A Checker That's Actually Smart: Most proxy checkers just see if a port is open. That's not good enough. A proxy can be "alive" but useless or even malicious. This engine's validator is more sophisticated.
- Detects Hijacking: It sends a request to a trusted third-party 'judge'. If a proxy returns some weird ad page or incorrect content instead of the real response, it's immediately flagged as a potential hijack and discarded. This is a common issue with free proxies that this checker actively prevents.
- Identifies Password Walls: If a proxy requires a username and password (sending a 407 status), it’s correctly identified and discarded.
- Weeds Out Misconfigurations: The checker looks for sensible, stable connections. If a proxy connects but then immediately times out or returns nonsensical errors, it's dropped.

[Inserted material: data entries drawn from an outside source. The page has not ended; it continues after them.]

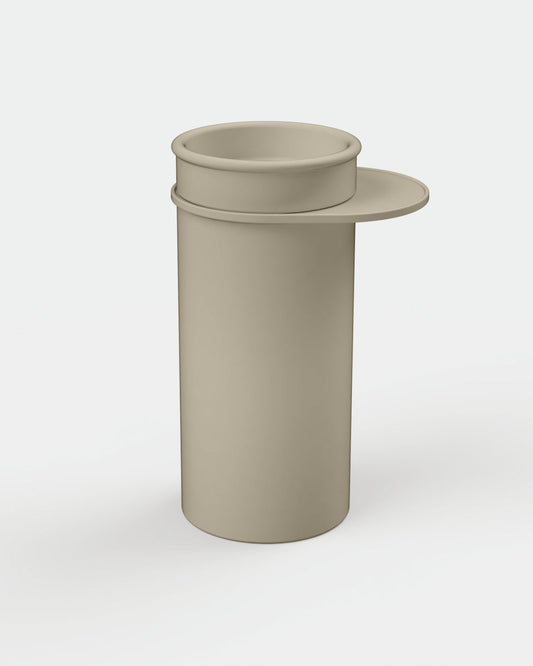 Cylinder - Tubb Basin (Wheat)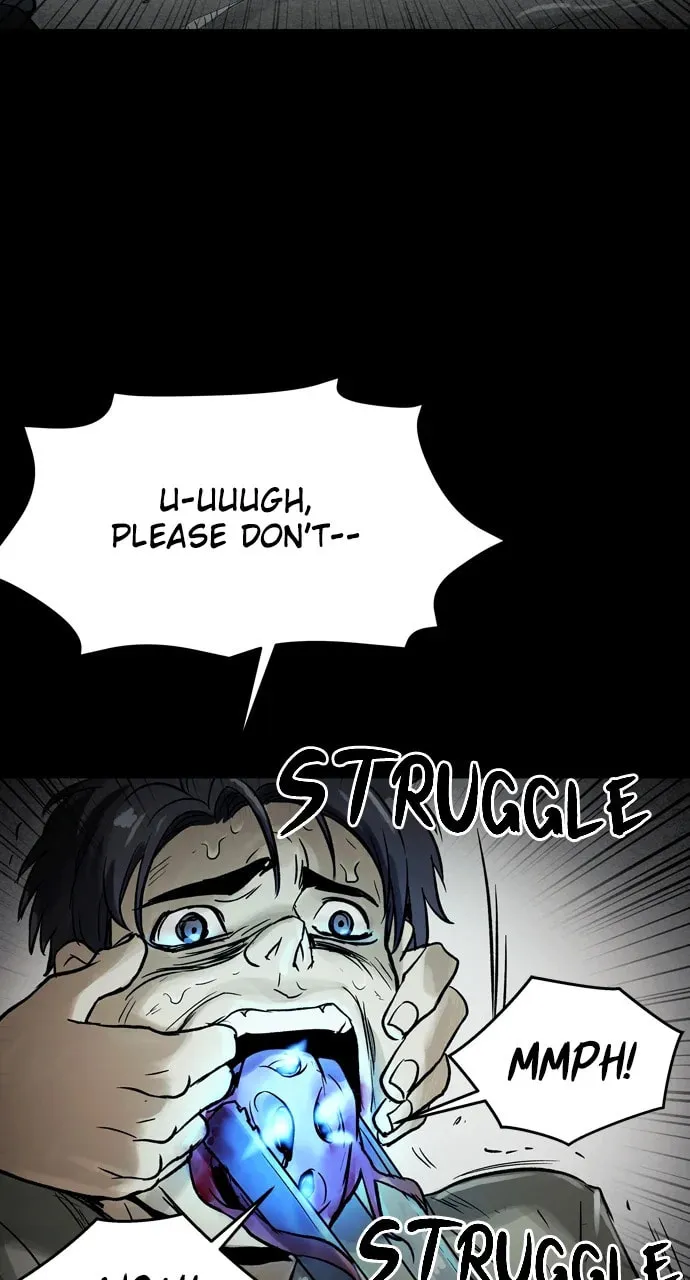 Spore Chapter 75 page 37 - 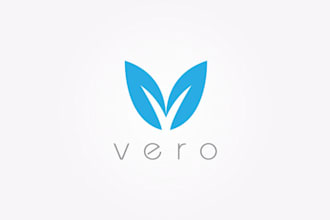 fascinating logo in 24 hours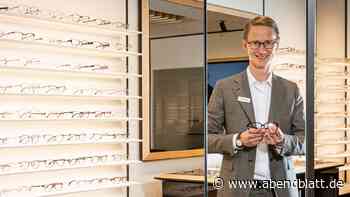 Fielmann baut Angebot für Augen-Check-up in den Filialen aus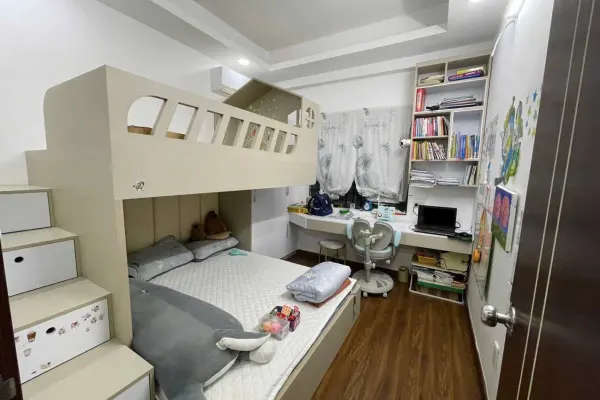 Квартира, 2 спальни · 64 м²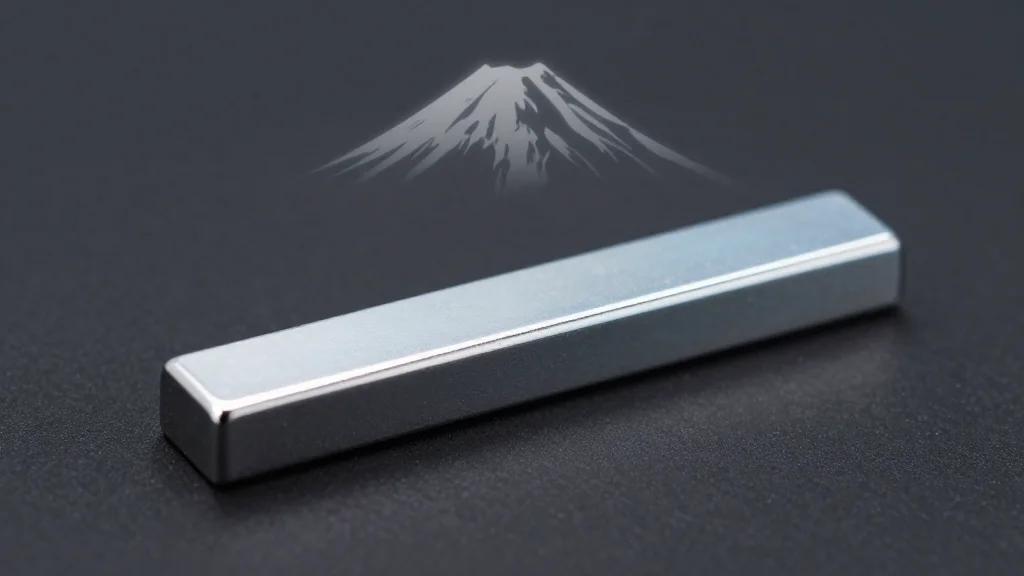 Japan Sets NdPr Price Floor, Investors Remain Unmoved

This cleans up the final list by removing thousands of unstable or poorly configured proxies.

The result is a cleaner, far more reliable list of proxies you can actually use, not just a list of open ports.

Automated Fresh List: Thanks to GitHub Actions, the entire process of scraping, checking, and committing the results is automated every 30 minutes. You can simply grab the fresh working proxies from a link to the raw file.
Easily add more sources: Easily add your own targets to the sites-to-get-proxies-from.txt file, for the sites that don't use obfuscation.

Live Proxy Lists

These URLs link directly to the raw, automatically-updated proxy lists. You can integrate them right into your projects.

Working Proxies (Checked and Recommended):
- All Protocols: https://raw.githubusercontent.com/Skillter/ProxyGather/refs/heads/master/proxies/working-proxies-all.txt
- HTTP: https://raw.githubusercontent.com/Skillter/ProxyGather/refs/heads/master/proxies/working-proxies-http.txt
- SOCKS4: https://raw.githubusercontent.com/Skillter/ProxyGather/refs/heads/master/proxies/working-proxies-socks4.txt
- SOCKS5: https://raw.githubusercontent.com/Skillter/ProxyGather/refs/heads/master/proxies/working-proxies-socks5.txt
All Scraped Unchecked Proxies (Most are dead): https://raw.githubusercontent.com/Skillter/ProxyGather/refs/heads/master/proxies/scraped-proxies.txt

Installation

Getting up and running is fast and simple. Tested on Python 3.12.9

Clone the repository and install packages:

git clone https://github.com/Skillter/ProxyGather.git
cd ProxyGather
pip install -r requirements.txt

Run It

Execute the scripts. Default settings make it work out-of-box. The results are in the same folder.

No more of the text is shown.